IHSPA Re-Evaluates Evaluation Guide for Whole Book Contest

The 2017 Whole Book Yearbook evaluation & contest saw a small improvement in the evaluation and critique process: It was digitized.

In previous years, it would take several months for yearbooks entered into the Whole Book contest to make it from the staffs, to IHSPA, to the judges, back to IHSPA, and finally back to the media adviser with full evaluation and critique materials. For the 2017 contest, the evaluation was made into a PDF form judges could fill out and email back to IHSPA as soon as they were complete. Advisers received critiques from IHSPA in seven weeks, much sooner in 2017 relative to previous years.

The 2018 Whole Book contest is getting an entirely updated evaluation and critique guide, designed to make judging more intuitive and be more inclusive of different yearbook structures.

Take a Look at the full document by clicking here. 

Here are the major changes:

Consolidated Sections

This is perhaps the biggest, most obvious change in the critique guide. Rather than having separate judging sections for Student Life, Academics, Sports, and Clubs, the new guide has a longer “Student Life/Chronological” section that makes up the largest chunk of the guide. Inside “Student Life/Chronological,” there are general evaluation categories, including and overarching “Coverage” category, but there are also distinct aspects of “Coverage” still separated out based on the focus (i.e. sports versus academics).

Why?

The main logic behind merging the student-life-focused sections into one larger section comes from Kyle Phillips, IHSPA president, and Leslie Shipp, Johnston HS adviser. Both Phillips and Shipp agreed that the old version of the critique guide didn’t allow for effective evaluation of both categorical yearbooks and chronological yearbooks. How could a judge appropriately judge a book that covers sports as they fall happen, based on the school calendar, when the guide is under the assumption that all sports layouts are together in a specific section of the yearbook? According to Phillips and Leslie, it is better to avoid that challenge completely with a critique guide that makes no assumptions about the yearbooks’ general structures.

Additionally, combining these sections cut out some redundant evaluation standards that previously appeared in every section of the guide.

This change also separated coverage of “People” in the competing high schools — feature stories, special topics coverage — from the “Portraits” section. This allows for a bit more creativity when it comes to the coverage of students, staff, and faculty in the school without assuming the yearbook staffs opted to add a lot of additional copy blocks or other methods of coverage to their portrait displays. This leaves the option for these pages to have a more clean, individual look than the rest of the book, should the staff want to go that route.

Merged Standards

Evaluation categories like “Graphic Details,” “Typography,” “Illustrations,” and “Design” are now combined into the broader category “Graphic Design.” “Copy,” “Secondary Coverage,” and “Coverage” were also combined into merely “Coverage.” This change cut a lot of redundant language from the critique guide.

Why? 

According to Phillips and Shipp, these categories are, in many ways, one and the same. Typography is as much a key element of graphic design as the illustrations that are used to showcase a particular theme.

Standards Language

Some of the individual “Standards” listed beneath each evaluation category have changed for the 2018 contest. Some outdated language has been cut, and some standards have been combined to create larger points about meeting journalistic writing standards, following general graphic design principles, etc.
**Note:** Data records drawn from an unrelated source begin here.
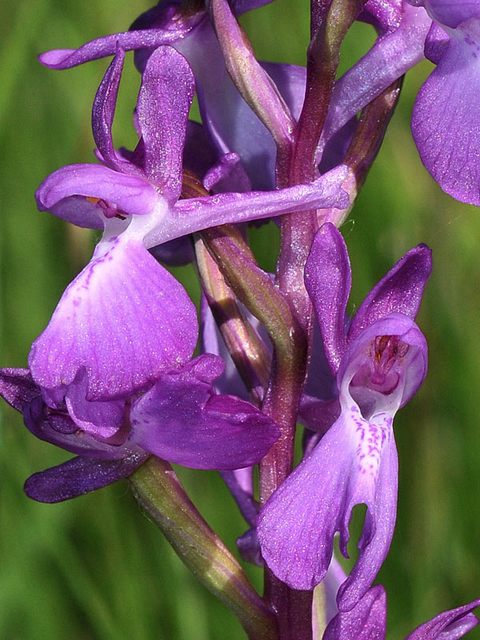 A-palustris-x-A-laxifloraL.jpg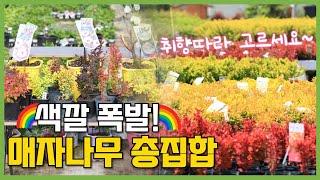 이렇게 예쁜색이 다 있어? 정원에 색감이 폭발하는 컬러풀한 매자나무 12종과 부용 3종 전국 노지월동 가능 #가드닝 #정원꾸미기 #조경수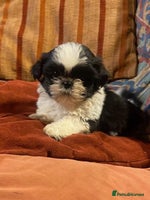 Shih Tzu dogs Pure bred pedigree Shih Tzu puppies - Advert 4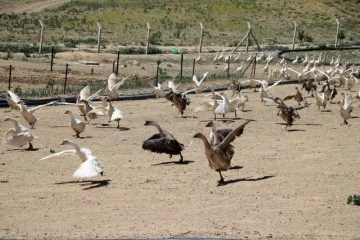 Düşük maliyetle yüksek kazancın yolu, kaz üretimi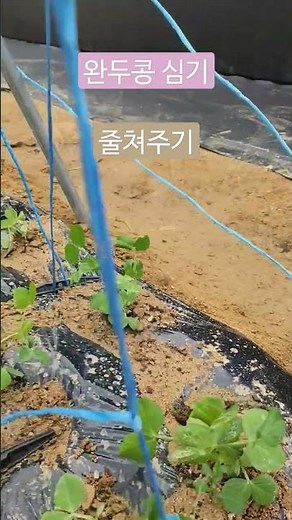 #완두콩심기#완두콩그물망만들기#수제완두콩그물망#텃밭완두콩심기#농업초보들의작품#강화도채여사#핑크농막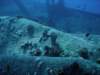 dsc06091_small.jpg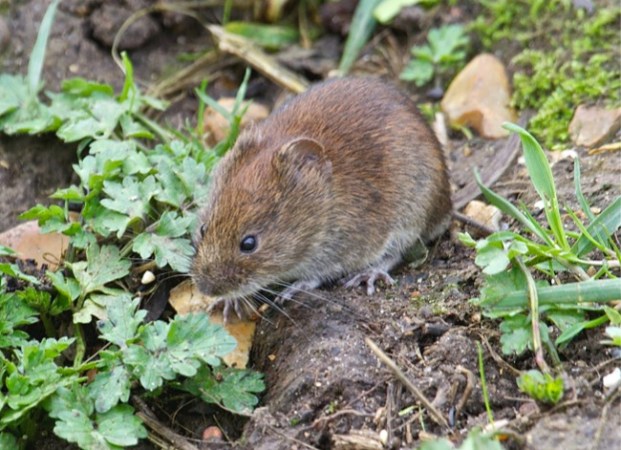 Vole vs. Mole: How to Tell Which Pest is Tunneling Through Your Yard ...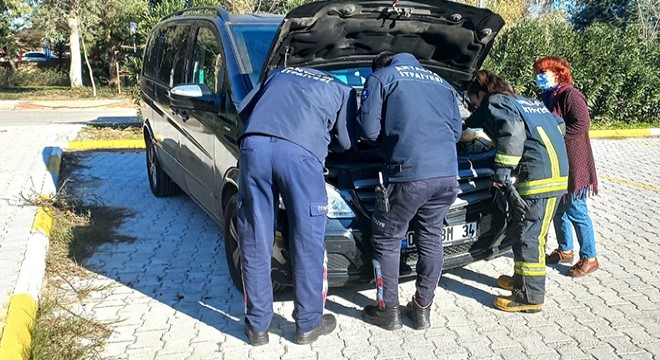 Yavru kediyi aracın motorundan çıkarmak için kedi sesi dinlettiler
Examples of this can be seen in the new “Graphic Design” and “Coverage” categories mentioned above. Since older categories were merged, a lot of the language that existed in each of them became repetitive, so important elements were kept and combined appropriately while over-stated standards were tossed.
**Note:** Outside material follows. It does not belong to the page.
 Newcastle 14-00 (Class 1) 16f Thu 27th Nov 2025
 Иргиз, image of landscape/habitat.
Other standards were altered to allow for more freedom in specific areas. For example, a standard in the “Portraits” section used to require names of students, staff, and faculty be places beneath the photos. Now, as long as the design is intuitive, the names can be where the staff decides they should be to fit the design. Coverage is also no longer required in the “Ads” section of yearbooks.

Judge Feedback Extension

The new guide features a lot of extra room for qualitative feedback from judges.

Why? 

With so much consolidation and yearbook designs becoming more trendy and modern, it is important that judges are able evaluate staffs on more abstract concepts than what can be captured by checkboxes on a form. In 2017, there was also a concern that it wasn’t always easy to see the entirety of judge feedback, so the new form is designed to address those issues.

General Layout

Some adjustments were made to the overall appearance of the critique guide. Summary evaluations now have their own page, immediately following each section. Notes on how to used the critique were moved to the front of the guide, preceding the critique itself. Also, the overall layout is cleaner than the old version.

Those are the major changes judges and staffs will see in the Whole Book Evaluation and Critique Guide.

The deadline – books must arrive in the IHSPA office by September 28, 2018.

Good luck to all who enter the upcoming contest!